Onfleet incident

Batch Task Creation Jobs Failing

Major Resolved View vendor source →

Onfleet experienced a major incident on February 27, 2025 affecting Dashboard and API, lasting 3h 32m. The incident has been resolved; the full update timeline is below.

Started
Feb 27, 2025, 09:41 PM UTC
Resolved
Feb 28, 2025, 01:13 AM UTC
Duration
3h 32m
Detected by Pingoru
Feb 27, 2025, 09:41 PM UTC

Affected components

DashboardAPI

Update timeline

  1. investigating Feb 27, 2025, 09:41 PM UTC

    At this time the internal process for managing task creation queues for the asynchronous batch task creation endpoint is experiencing issues. This is being investigated with high urgency.

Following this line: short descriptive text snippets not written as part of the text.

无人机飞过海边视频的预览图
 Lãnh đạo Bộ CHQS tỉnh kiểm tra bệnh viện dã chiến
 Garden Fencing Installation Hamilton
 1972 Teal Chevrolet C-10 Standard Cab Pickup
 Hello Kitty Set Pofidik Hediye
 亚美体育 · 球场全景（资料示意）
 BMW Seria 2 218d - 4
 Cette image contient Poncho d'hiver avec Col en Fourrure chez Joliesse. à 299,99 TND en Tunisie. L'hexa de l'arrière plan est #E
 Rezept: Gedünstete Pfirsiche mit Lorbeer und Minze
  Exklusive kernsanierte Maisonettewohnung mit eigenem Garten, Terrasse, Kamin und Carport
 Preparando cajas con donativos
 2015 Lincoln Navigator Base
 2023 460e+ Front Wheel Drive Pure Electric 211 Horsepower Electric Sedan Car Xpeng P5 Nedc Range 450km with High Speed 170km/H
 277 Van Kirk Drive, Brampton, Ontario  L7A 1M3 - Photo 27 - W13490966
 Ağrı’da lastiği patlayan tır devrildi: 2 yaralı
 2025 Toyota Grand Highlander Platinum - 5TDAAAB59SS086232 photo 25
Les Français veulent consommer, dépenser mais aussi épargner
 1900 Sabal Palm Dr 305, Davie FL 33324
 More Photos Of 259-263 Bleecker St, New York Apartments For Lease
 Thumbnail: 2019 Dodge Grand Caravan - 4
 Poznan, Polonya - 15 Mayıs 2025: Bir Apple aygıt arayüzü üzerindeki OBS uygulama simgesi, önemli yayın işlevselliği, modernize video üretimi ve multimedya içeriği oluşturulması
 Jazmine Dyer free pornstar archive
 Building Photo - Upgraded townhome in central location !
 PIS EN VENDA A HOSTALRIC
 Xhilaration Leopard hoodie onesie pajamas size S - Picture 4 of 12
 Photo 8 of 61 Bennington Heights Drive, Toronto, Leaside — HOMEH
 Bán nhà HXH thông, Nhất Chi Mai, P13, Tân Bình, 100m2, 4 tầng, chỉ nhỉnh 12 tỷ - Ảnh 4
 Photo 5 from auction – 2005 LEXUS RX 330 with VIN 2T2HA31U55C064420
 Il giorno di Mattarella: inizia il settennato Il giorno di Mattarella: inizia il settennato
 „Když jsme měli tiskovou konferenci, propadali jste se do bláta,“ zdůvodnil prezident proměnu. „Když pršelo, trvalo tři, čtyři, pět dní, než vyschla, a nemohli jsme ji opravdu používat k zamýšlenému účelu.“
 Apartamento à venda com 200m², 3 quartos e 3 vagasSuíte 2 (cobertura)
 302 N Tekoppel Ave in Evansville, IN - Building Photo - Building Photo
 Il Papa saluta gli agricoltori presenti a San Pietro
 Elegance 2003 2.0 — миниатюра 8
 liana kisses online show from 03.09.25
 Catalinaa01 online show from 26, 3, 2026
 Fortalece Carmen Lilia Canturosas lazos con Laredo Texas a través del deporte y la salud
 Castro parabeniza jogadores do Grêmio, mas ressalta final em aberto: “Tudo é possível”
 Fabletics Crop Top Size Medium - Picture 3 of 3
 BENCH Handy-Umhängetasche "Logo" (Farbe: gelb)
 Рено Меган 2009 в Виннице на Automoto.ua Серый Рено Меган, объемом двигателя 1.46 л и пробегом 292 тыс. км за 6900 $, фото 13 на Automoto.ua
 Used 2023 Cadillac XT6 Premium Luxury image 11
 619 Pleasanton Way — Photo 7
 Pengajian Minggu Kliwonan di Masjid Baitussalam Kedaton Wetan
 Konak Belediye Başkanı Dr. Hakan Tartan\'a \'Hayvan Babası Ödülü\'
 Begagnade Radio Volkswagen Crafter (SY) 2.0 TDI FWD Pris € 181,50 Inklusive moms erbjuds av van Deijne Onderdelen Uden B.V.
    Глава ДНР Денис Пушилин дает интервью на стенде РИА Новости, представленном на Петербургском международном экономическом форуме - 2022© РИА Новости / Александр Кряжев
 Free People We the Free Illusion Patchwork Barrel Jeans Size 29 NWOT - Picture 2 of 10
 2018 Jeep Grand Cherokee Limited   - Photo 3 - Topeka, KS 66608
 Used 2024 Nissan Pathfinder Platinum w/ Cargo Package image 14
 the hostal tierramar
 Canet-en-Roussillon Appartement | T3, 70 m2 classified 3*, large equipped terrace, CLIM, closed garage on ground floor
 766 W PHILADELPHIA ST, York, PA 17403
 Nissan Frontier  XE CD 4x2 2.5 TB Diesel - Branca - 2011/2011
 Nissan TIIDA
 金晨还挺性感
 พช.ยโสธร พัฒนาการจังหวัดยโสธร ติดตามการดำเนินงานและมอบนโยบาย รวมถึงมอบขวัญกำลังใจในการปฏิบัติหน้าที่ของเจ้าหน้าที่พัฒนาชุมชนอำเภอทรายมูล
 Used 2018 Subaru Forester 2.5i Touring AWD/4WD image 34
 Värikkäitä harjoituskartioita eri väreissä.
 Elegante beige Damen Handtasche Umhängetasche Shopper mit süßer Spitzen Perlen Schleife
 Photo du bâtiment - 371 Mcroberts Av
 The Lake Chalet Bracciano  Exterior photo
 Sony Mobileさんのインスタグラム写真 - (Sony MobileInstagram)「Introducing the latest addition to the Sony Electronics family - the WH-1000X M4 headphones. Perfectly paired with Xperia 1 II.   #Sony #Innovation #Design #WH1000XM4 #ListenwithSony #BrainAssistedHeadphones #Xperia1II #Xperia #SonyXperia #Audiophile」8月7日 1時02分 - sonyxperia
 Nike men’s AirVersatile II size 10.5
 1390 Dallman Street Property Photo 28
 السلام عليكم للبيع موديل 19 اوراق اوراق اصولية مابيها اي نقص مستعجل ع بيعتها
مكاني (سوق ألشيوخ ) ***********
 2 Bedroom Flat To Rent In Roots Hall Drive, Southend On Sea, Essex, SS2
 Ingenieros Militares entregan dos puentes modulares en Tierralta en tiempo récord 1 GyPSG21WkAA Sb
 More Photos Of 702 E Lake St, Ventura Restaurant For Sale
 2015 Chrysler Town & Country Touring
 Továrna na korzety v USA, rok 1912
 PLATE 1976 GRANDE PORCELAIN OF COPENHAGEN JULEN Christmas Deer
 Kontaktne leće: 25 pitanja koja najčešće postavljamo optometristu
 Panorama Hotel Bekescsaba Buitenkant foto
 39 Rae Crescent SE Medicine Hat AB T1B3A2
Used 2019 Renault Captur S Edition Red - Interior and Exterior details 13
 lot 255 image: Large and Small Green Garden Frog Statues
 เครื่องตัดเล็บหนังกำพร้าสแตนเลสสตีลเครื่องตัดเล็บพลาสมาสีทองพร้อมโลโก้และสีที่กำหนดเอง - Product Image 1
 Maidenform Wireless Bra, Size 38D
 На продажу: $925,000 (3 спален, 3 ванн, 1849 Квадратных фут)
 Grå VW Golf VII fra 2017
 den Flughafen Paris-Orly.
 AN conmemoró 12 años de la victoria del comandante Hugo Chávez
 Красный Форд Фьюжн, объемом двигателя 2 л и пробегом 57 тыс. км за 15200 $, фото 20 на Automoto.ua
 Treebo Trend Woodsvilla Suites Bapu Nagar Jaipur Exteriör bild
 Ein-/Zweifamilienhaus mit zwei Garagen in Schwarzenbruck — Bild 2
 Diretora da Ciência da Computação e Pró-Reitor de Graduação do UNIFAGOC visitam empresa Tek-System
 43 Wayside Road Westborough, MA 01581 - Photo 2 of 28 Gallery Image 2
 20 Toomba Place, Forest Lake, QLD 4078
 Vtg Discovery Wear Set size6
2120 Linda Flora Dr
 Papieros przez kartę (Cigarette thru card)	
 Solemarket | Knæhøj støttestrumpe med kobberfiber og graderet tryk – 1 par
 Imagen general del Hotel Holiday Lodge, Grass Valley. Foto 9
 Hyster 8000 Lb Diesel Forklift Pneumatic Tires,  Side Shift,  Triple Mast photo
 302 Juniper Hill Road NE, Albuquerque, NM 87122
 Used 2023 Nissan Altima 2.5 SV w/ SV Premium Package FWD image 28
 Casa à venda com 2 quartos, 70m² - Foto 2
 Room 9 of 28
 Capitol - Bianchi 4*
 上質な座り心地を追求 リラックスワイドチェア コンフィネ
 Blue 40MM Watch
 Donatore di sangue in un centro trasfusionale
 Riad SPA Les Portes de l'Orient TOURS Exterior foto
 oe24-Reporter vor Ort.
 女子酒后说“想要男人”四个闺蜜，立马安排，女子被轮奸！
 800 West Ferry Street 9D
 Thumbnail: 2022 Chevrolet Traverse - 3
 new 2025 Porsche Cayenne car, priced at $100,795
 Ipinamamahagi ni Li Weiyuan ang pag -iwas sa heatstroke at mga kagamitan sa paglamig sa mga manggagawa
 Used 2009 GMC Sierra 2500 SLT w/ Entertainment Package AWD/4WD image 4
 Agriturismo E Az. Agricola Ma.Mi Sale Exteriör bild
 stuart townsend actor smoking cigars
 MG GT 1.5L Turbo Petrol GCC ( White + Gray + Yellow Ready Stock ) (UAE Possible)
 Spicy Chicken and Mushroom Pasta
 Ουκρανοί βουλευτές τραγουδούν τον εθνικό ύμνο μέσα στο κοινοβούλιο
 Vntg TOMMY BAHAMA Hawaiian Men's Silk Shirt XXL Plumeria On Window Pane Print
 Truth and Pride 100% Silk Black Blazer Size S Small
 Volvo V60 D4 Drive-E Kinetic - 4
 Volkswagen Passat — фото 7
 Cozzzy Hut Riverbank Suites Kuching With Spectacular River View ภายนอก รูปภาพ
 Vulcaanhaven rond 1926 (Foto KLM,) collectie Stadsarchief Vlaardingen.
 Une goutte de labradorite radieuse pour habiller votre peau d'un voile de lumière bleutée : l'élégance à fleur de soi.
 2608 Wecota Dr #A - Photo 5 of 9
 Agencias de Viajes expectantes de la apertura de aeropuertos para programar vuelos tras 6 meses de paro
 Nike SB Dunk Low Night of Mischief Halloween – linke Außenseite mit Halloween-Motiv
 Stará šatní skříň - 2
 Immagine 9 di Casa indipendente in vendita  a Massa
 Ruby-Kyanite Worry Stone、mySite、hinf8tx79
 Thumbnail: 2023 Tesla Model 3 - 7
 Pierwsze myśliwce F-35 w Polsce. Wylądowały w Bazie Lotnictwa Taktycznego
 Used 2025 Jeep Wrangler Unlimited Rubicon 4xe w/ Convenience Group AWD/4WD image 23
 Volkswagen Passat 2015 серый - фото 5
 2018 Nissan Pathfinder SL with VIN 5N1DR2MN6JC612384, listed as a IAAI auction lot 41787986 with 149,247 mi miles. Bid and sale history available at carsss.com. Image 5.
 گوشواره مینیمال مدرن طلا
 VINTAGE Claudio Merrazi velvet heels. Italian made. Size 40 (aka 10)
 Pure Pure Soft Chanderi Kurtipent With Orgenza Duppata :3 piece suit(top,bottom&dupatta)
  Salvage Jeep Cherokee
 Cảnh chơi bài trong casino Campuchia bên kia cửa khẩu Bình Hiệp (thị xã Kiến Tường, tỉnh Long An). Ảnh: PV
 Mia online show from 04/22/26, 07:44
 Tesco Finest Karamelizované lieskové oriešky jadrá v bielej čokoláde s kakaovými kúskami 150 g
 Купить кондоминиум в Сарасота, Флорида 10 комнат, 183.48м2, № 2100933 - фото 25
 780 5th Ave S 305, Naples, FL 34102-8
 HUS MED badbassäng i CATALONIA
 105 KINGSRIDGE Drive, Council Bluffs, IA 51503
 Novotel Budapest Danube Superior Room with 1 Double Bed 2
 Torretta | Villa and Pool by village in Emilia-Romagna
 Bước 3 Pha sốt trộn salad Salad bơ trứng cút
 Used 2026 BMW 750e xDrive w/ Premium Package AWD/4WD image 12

  2. monitoring Feb 28, 2025, 12:38 AM UTC

    A fix has been implemented and we are monitoring the results.

  3. resolved Feb 28, 2025, 01:13 AM UTC

    This incident has been resolved.

  4. postmortem Mar 17, 2025, 03:18 PM UTC

    Between 11:45 a.m. and 12:20 p.m. PST, a batch request began to loop unexpectedly, interfering with each other and causing container contention. Because of how batch creations are processed, this prevented other jobs from being processed until they were cleared manually. Once the job was manually stopped, the system returned to normal batch processing. The team will implement enhanced monitoring to avoid this scenario in the future.